Print, in exact form, the lines below from the one containing "Rebanada de frutas" through the one containing "Nahaufnahme von Schoko-Nuss-Schnitten", and omit all others.

### Records for this exercise
○ ○ ○ ○ ○

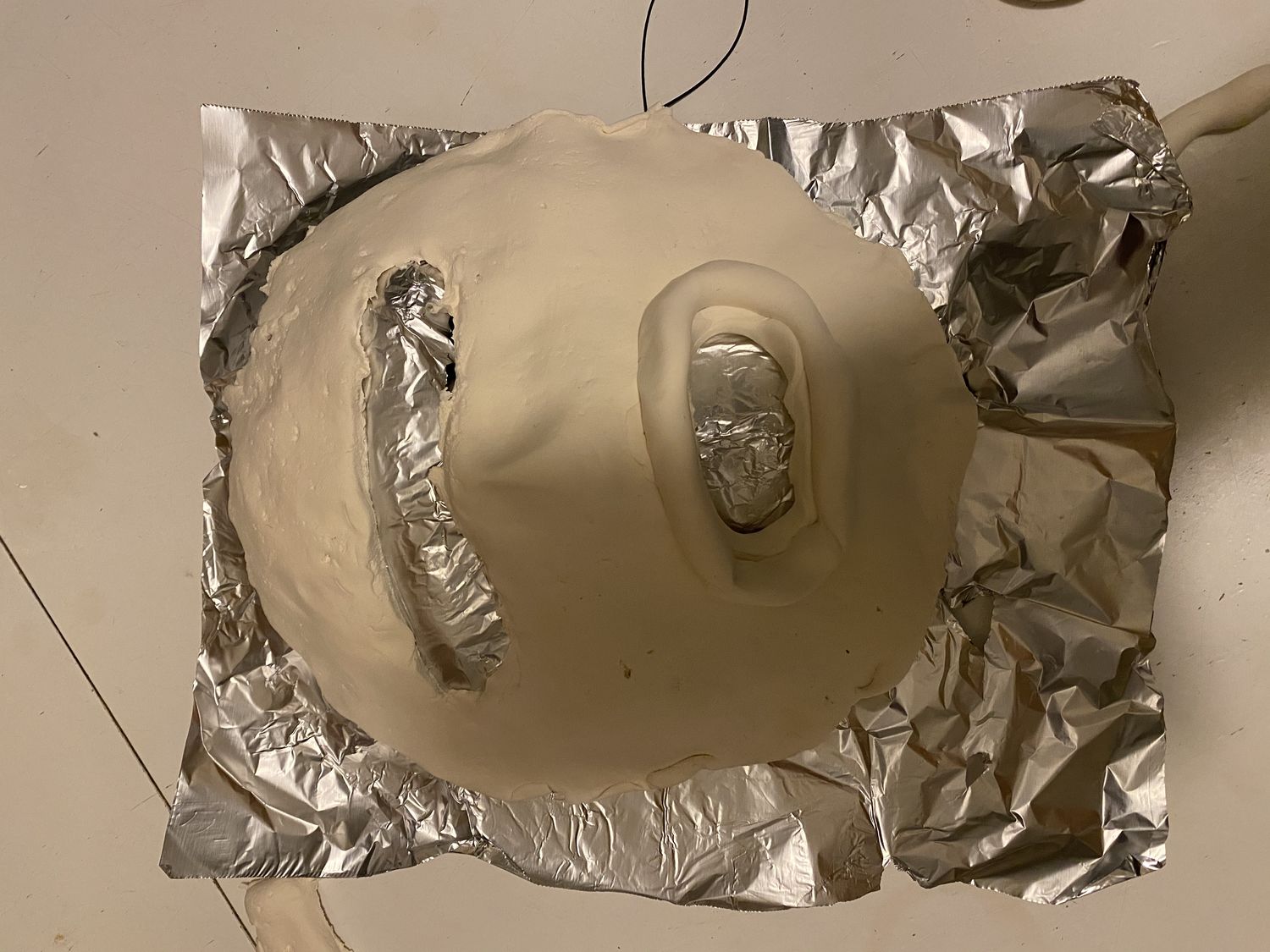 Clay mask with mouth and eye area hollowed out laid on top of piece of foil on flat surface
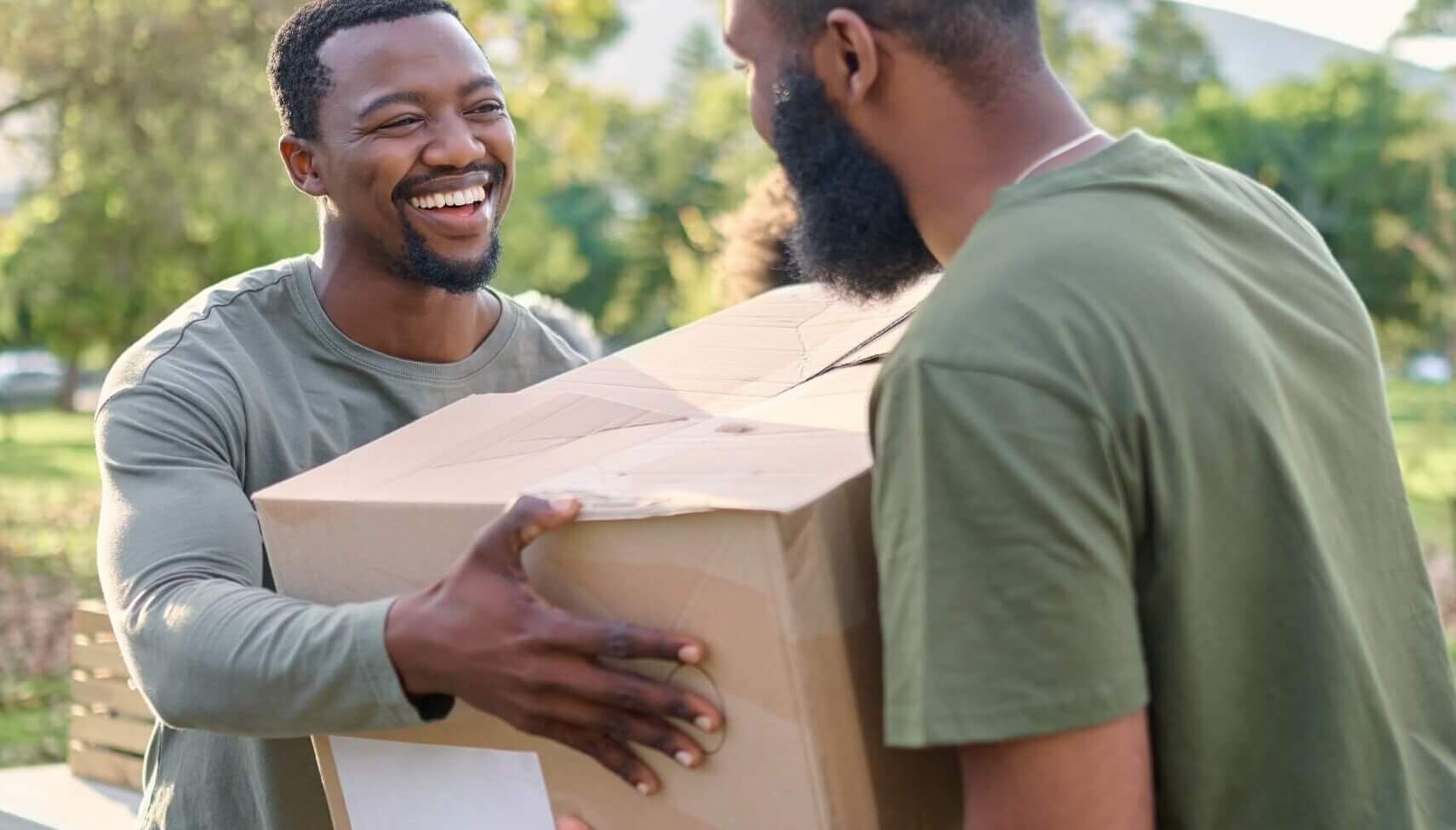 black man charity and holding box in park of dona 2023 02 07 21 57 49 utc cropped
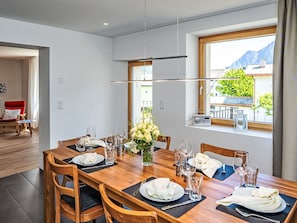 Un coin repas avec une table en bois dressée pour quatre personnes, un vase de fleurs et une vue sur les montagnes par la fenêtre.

○ ○ ○ ○ ○

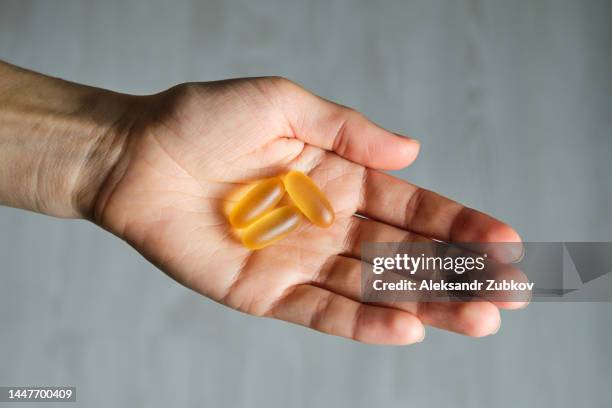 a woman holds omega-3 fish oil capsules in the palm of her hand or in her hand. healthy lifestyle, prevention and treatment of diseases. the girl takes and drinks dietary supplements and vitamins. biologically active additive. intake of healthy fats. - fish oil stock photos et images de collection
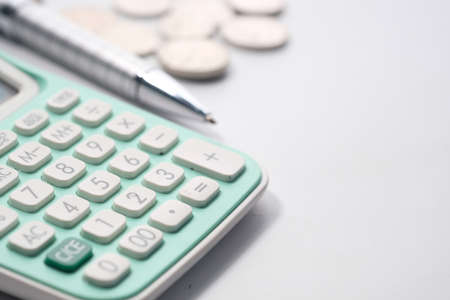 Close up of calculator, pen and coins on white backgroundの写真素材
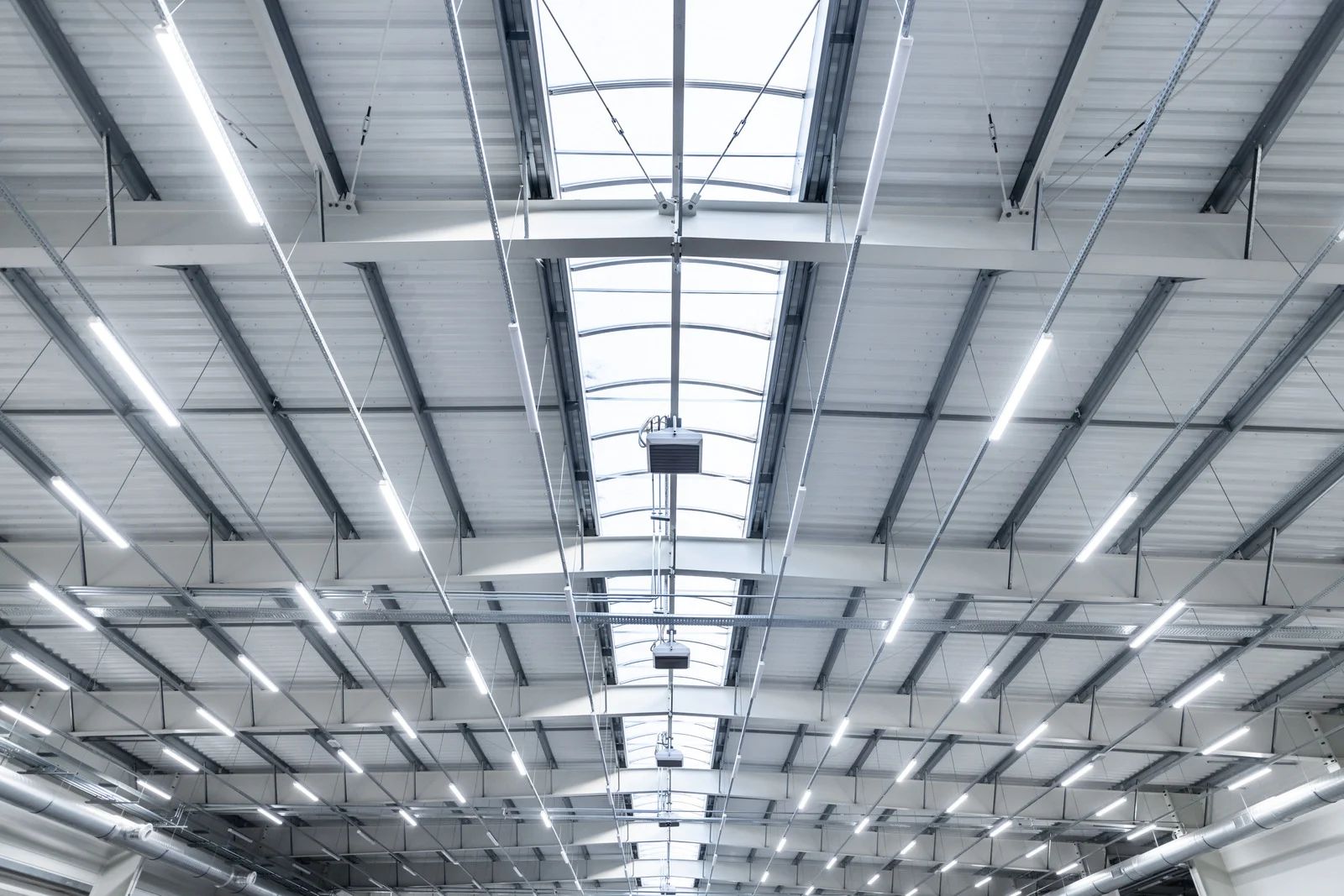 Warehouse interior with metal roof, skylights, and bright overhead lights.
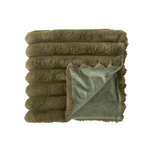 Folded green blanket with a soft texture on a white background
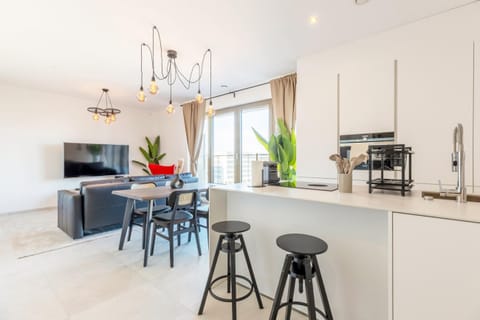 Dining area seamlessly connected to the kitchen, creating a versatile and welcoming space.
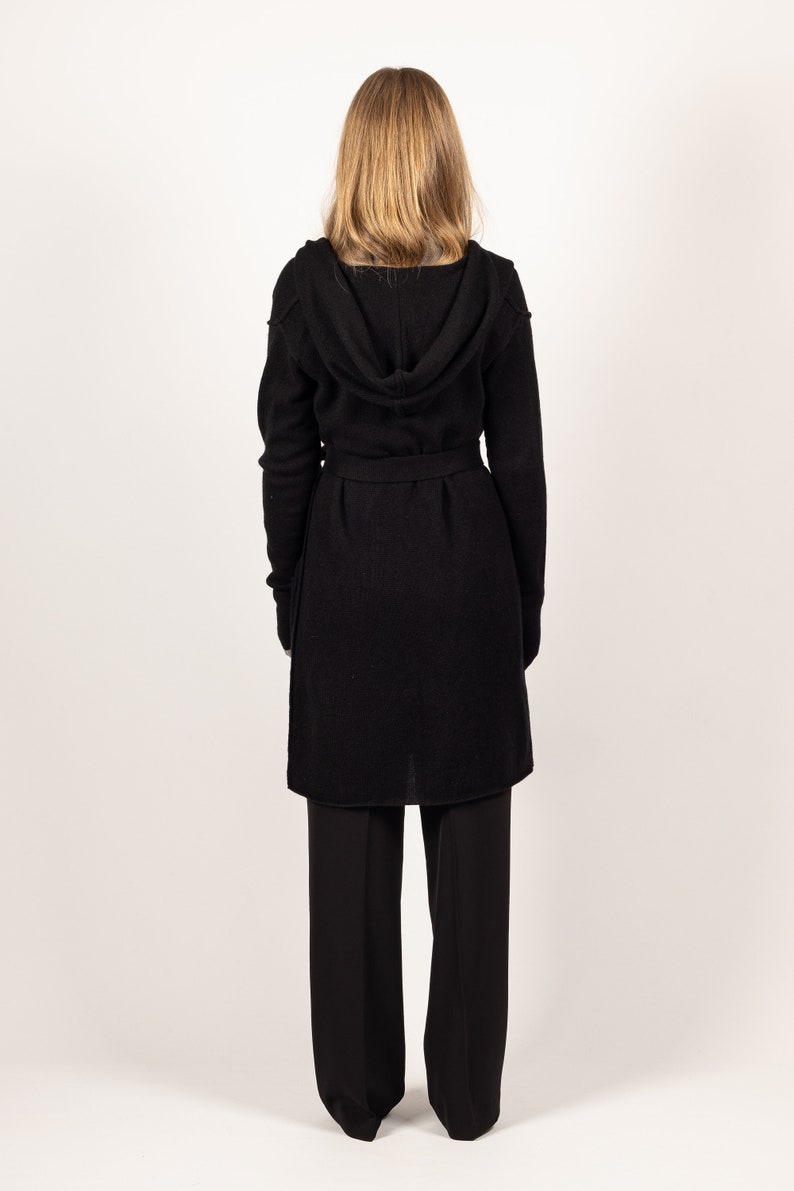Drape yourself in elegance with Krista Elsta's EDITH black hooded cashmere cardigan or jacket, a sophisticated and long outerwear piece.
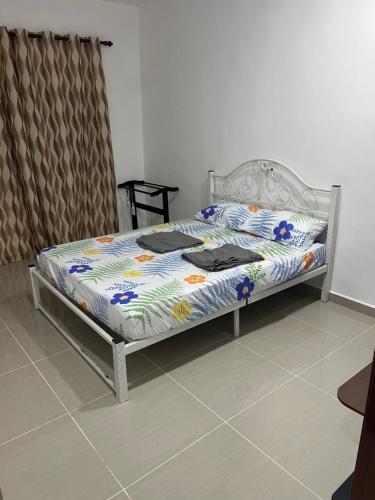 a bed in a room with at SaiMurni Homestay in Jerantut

○ ○ ○ ○ ○

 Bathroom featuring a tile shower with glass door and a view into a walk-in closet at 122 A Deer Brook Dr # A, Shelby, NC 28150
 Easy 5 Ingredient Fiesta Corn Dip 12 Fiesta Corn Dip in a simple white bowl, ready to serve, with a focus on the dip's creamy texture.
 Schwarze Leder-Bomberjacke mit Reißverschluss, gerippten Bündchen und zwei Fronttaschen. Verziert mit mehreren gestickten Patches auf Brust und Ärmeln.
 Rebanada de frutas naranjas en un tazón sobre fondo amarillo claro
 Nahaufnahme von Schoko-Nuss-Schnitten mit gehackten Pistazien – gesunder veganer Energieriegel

○ ○ ○ ○ ○

### Answer box
 Rebanada de frutas naranjas en un tazón sobre fondo amarillo claro
 Nahaufnahme von Schoko-Nuss-Schnitten mit gehackten Pistazien – gesunder veganer Energieriegel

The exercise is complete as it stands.